===== TASK MATERIAL
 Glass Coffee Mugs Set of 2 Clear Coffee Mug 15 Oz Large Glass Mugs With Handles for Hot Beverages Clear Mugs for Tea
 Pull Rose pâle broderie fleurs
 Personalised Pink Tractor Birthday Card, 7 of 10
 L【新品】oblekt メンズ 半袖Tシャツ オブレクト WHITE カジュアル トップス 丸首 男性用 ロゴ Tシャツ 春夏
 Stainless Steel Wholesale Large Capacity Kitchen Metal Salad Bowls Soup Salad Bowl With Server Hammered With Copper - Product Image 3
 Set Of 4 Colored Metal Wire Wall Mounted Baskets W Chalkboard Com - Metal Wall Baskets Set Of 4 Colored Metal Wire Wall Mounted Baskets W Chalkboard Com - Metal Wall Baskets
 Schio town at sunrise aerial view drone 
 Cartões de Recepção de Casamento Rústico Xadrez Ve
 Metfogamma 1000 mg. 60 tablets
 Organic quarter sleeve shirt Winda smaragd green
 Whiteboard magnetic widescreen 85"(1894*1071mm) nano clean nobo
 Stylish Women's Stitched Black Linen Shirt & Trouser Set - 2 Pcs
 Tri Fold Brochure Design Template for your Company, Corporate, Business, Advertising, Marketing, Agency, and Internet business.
==========
AIM OF THE TASK :: Output all of the data again, exactly.

SOLUTION TO THE EXERCISE ::
 Glass Coffee Mugs Set of 2 Clear Coffee Mug 15 Oz Large Glass Mugs With Handles for Hot Beverages Clear Mugs for Tea
 Pull Rose pâle broderie fleurs
 Personalised Pink Tractor Birthday Card, 7 of 10
 L【新品】oblekt メンズ 半袖Tシャツ オブレクト WHITE カジュアル トップス 丸首 男性用 ロゴ Tシャツ 春夏
 Stainless Steel Wholesale Large Capacity Kitchen Metal Salad Bowls Soup Salad Bowl With Server Hammered With Copper - Product Image 3
 Set Of 4 Colored Metal Wire Wall Mounted Baskets W Chalkboard Com - Metal Wall Baskets Set Of 4 Colored Metal Wire Wall Mounted Baskets W Chalkboard Com - Metal Wall Baskets
 Schio town at sunrise aerial view drone 
 Cartões de Recepção de Casamento Rústico Xadrez Ve
 Metfogamma 1000 mg. 60 tablets
 Organic quarter sleeve shirt Winda smaragd green
 Whiteboard magnetic widescreen 85"(1894*1071mm) nano clean nobo
 Stylish Women's Stitched Black Linen Shirt & Trouser Set - 2 Pcs
 Tri Fold Brochure Design Template for your Company, Corporate, Business, Advertising, Marketing, Agency, and Internet business.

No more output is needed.